Total no. of shares = 162

Average Price = HKD 191.67

Total Gain = SGD 1,307

Growth Portfolio

My overall growth portfolio has been pretty muted, as the Chinese tech
stock route has wiped out most of the gains I have made over the month on US
stocks.

Pinterest

The biggest stock loser in my portfolio is Pinterest. The visual search
company recently released earnings on Thursday which reported a drop in monthly
active users (MAU). The sell down signifies that investors are worried that MAU
has peaked. The MAU is indeed disappointing, but it’s worth noting that US MAU
under the age of 25 grew double digits year over year with strong engagements
with Idea Pins. Idea Pins was only launched in May of this year; thus, I will
be watching closely on whether Idea Pins could reverse the dip in MAU.

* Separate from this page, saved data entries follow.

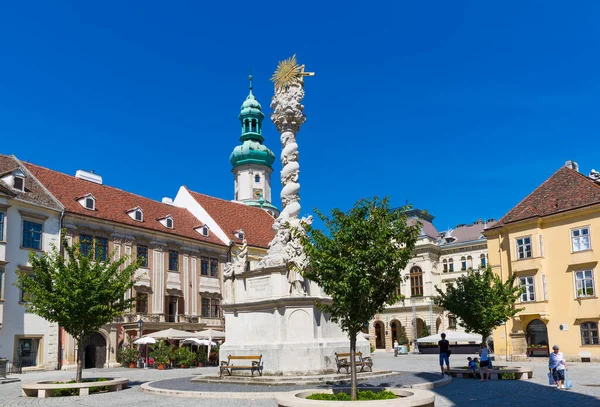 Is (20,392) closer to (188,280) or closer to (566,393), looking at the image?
(566,393)

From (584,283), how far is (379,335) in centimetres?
3348

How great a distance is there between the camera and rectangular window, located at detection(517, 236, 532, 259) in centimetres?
3628

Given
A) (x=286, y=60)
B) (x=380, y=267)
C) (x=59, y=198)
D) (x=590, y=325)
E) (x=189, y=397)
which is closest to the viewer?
(x=380, y=267)

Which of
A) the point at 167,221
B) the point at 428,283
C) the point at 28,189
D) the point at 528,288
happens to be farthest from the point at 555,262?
the point at 28,189

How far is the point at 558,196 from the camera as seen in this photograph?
120ft

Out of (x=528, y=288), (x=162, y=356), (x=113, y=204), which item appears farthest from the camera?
(x=113, y=204)

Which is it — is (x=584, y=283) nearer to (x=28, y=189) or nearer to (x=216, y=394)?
(x=216, y=394)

Secondly, the management has highlighted that the decline in MAU are mainly
users who surf Pinterest on the web. 
These are the users who generate less revenue than Pinners who surf with
mobile apps. The recent drop, in my opinion, is understandable as the Q2 last
year was Covid 19 lockdown season, where many users were stuck at home,
resulting in a spike in user engagements. Therefore, it is like comparing a
previous year’s quarter profit with one-time earnings.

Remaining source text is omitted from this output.